## [RECORD EXTRACTS]
===============
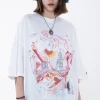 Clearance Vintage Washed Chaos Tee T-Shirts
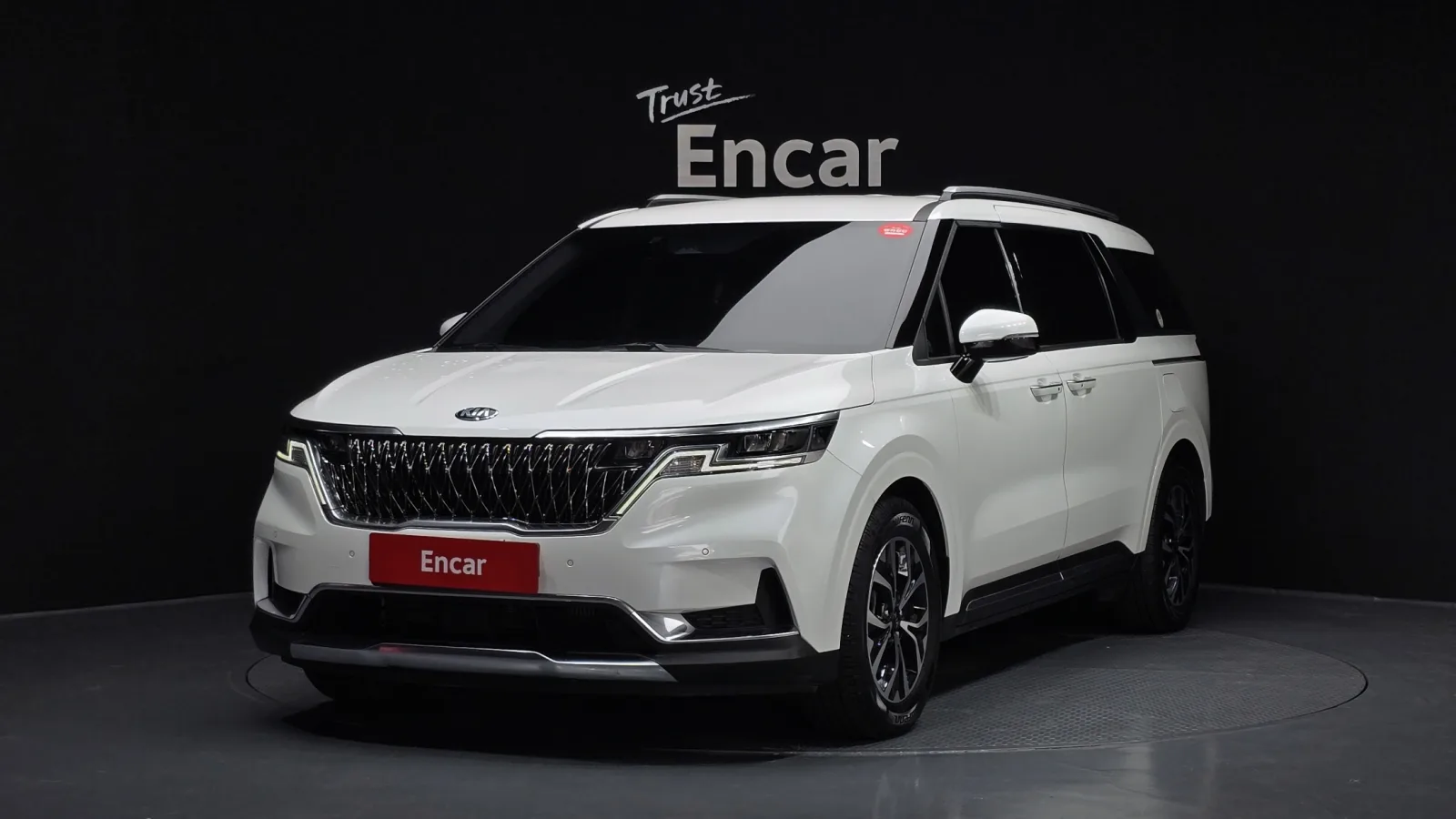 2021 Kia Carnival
===============
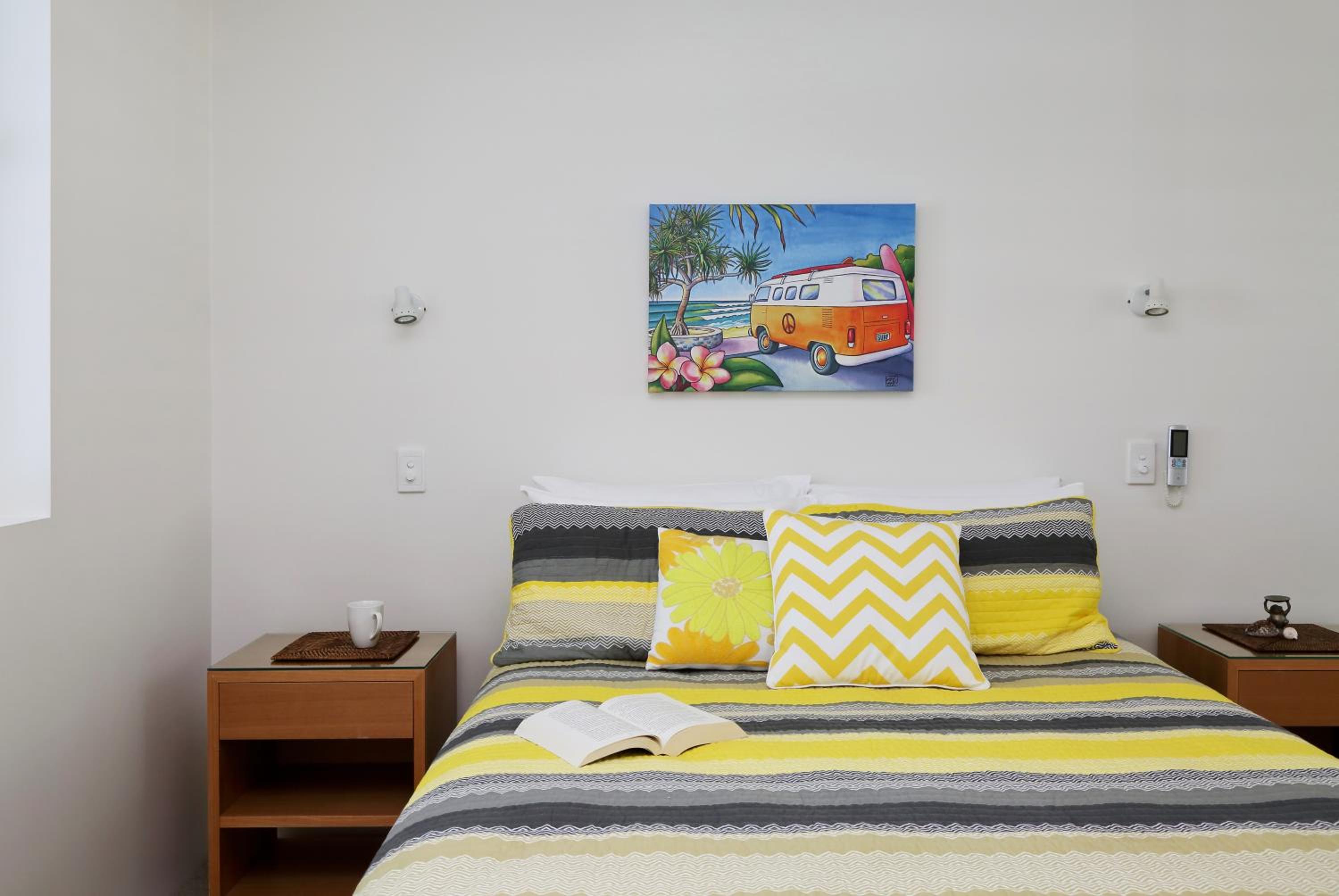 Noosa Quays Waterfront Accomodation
===============
## [TASK DETAILS]
Return word for word the lines of the listing above, starting at the line with "Clearance Vintage Washed Chaos Tee T-Shirts" and ending at the line with "2021 Kia Carnival", both included. Pictures do not belong in the copy.

## [WRITTEN ANSWER]
 Clearance Vintage Washed Chaos Tee T-Shirts
 2021 Kia Carnival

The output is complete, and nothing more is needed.